Italie : quand l'objection de conscience à l'IVG continue de progresser

Face au nombre croissant de gynécologues objecteurs de conscience, les services pratiquant les interruptions volontaires de grossesse (IVG) ferment. Des affiches placardées à l’entrée des services indiquant qu’ici, « on ne fait plus d’IVG », des patrouilles de volontaires attendant les patientes pour les dissuader d'avorter.
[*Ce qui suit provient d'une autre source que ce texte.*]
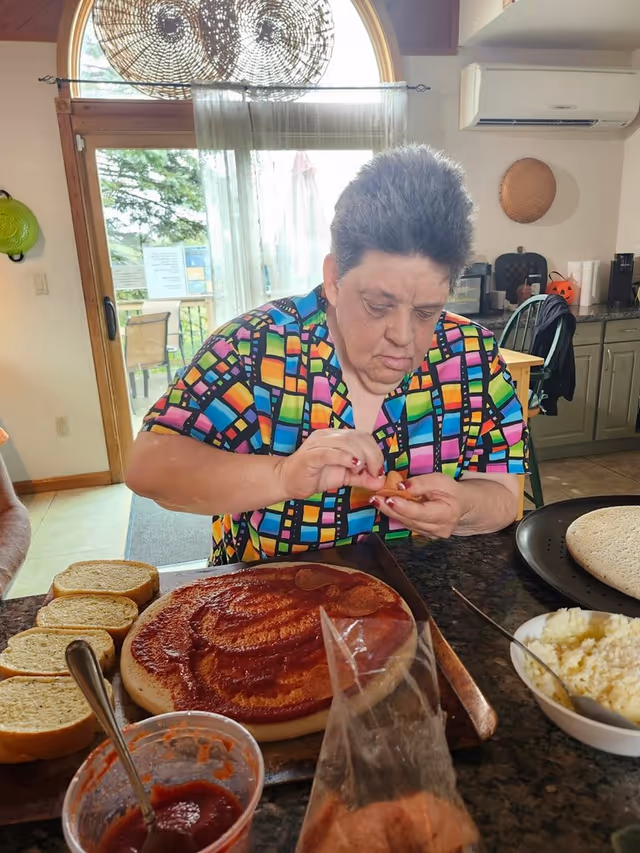A woman in a colorful patterned shirt is preparing a pizza in a kitchen. She is placing pepperoni slices on a pizza crust that has tomato sauce spread on it. There are slices of bread, a bowl of cheese, and another pizza crust on the counter. The kitchen has green cabinets, a window with sheer curtains, and a door leading outside.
Le nombre de gynécologues conservateurs, qui profitent de «l'objection de conscience» et refusent les IVG, se situait en 2008 à près de 70 %. Aujourd'hui il augmente encore. Selon l'Institut national des statistiques (Istat), 80 % des gynécologues transalpins et 50 % des anesthésistes et des infirmiers refusent de pratiquer des IVG. Quelques exemples ? Dans le Latium, la région qui entoure la cité éternelle, 91 % des spécialistes se déclarent objecteurs de conscience. Dans le sud profond, à Bari, chef-lieu des Pouilles, les deux derniers gynécologues qui acceptaient encore de pratiquer des interruptions de grossesse ont jeté l’éponge. Mis à l’index par leurs collègues, harcelés par les volontaires des associations pro-vie, ils n’ont plus tenu le coup moralement. À Naples, enfin, un seul service hospitalier est encore ouvert et en Sicile, le taux d’abstention des spécialistes frôle la barre des 80,6 %.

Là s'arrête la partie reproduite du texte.